And it kind of flows upwards. And it flows through these residual blocks and then gets added to the stream. But this addition distributes that gradient always identically through. So what you end up with is this kind of a gradient superhighway, as I like to call it, where these gradients from your supervision go directly to the original convolutional layer.

And on top of that, you get these deltas from all the residual blocks. So these blocks can come on online and can help out that original stream of information. This is also related to, I think, why LSTMs, long short-term memory networks, work better than recurrent neural networks, because they also have these kind of addition operations in the LSTM.
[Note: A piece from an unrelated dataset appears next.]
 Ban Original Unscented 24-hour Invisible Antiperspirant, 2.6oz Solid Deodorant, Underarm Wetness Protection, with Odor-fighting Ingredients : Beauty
And it just makes the gradients flow significantly better. Then there were some results on top of residual networks that I thought were quite amusing. So recently, for example, we had this result on deep networks with stochastic depth. The idea here was that the authors of this paper noticed that you have these residual blocks that compute deltas on top of your stream.

And you can basically randomly throw out layers. So you have these, say, 100 blocks, 100 residual blocks. And you can randomly drop them out. And at test time, similar to dropout, you introduce all of them. And they all work at the same time. But you have to scale things a bit, just like with dropout.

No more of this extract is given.